In terms of capital allocation, Alibaba has clearly shifted its focus from shareholder returns to AI investment. Although the buyback quota was raised by $25 billion in 2024, only $200 million was repurchased in the quarter ending September 2025, a decrease of about 75% from the previous quarter. Management has explicitly placed AI and cloud growth as the top priority, and the pace of buybacks is expected to remain constrained in 2026.

In terms of valuation, Alibaba shows a significant "US-China tech stock discount." The current Forward P/E is about 16.6x, significantly lower than Amazon's and Alphabet's 28–29x; the P/S is 2.1x, compared to Amazon's 3.0x and Alphabet's 9.9x. Even considering the China asset risk premium, Alibaba's valuation remains significantly low given its cloud business's 30%+ growth rate and domestic cloud market share leadership. If the market were to grant it a valuation closer to global tech leaders at 24x P/E in the future, the corresponding price midpoint has re-rating potential of over $200.

Of course, core risks cannot be ignored. First, slowing growth in Chinese consumption and e-commerce will continue to drag down the group's overall revenue performance; second, the cloud business is highly dependent on the AI investment cycle and may continue to suppress profit and cash flow in the short term; third, advanced AI chips still partially rely on overseas supply, with geopolitical factors and export controls posing potential uncertainty; fourth, for the cloud business to truly grow into the largest revenue source, it still requires a 5–6 year period of sustained high growth.

From a technical perspective, observed on the weekly chart, BABA stock price has shown signs of stabilizing and rebounding after touching the support line of the long-term downward channel.

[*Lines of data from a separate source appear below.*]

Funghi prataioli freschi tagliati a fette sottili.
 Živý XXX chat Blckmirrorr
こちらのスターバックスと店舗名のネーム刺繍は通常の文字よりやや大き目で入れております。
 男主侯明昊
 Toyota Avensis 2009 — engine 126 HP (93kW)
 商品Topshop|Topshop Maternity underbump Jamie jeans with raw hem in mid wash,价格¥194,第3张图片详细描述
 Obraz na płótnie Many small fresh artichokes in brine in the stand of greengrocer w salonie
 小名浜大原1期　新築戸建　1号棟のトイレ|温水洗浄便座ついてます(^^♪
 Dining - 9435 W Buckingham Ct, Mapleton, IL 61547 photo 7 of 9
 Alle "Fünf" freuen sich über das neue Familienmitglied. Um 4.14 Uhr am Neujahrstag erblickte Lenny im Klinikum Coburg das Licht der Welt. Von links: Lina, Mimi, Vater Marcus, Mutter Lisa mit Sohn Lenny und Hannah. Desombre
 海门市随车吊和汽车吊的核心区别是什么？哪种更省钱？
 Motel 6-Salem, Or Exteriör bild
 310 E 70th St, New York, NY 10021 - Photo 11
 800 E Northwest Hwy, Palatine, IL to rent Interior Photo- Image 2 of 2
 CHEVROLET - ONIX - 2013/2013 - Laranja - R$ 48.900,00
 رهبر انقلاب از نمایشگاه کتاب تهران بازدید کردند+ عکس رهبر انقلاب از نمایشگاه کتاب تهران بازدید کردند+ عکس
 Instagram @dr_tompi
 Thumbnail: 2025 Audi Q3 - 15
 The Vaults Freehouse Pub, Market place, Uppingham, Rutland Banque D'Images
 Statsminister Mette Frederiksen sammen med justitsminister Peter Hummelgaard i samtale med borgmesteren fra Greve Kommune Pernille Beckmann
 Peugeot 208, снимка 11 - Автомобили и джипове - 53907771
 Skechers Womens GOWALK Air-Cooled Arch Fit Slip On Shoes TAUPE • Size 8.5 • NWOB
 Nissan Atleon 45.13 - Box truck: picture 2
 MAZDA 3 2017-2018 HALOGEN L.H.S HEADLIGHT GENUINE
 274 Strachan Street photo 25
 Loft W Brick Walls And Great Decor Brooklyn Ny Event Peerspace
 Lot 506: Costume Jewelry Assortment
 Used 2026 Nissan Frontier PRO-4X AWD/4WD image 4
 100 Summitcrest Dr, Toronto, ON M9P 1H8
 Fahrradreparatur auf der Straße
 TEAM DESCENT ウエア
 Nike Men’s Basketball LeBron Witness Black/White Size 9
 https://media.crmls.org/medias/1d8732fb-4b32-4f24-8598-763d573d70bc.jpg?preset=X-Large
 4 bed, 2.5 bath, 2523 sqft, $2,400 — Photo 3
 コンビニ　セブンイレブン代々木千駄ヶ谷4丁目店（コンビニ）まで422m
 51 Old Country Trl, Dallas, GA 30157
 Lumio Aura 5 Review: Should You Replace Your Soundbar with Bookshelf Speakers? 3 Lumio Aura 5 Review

The current price receiving support at this critical technical level indicates that bullish forces are attempting to organize a counterattack. If the stock can subsequently be accompanied by a modest increase in trading volume and hold steady above this support area, a weekly-level technical rebound is likely to unfold.

Overall Judgment: Alibaba is currently at a crucial inflection point where "old businesses are under pressure, and a new engine is forming." E-commerce is no longer the valuation anchor; the Cloud Intelligence Group is the core variable determining the long-term scope. Under the combined effects of domestic substitution of AI infrastructure, long-term scarcity of cloud computing power, and a significant valuation discount, Alibaba offers an AI infrastructure investment opportunity with controllable risk but significant upside flexibility.

Investment Rating: Buy (Mid-to-Long Term Allocation).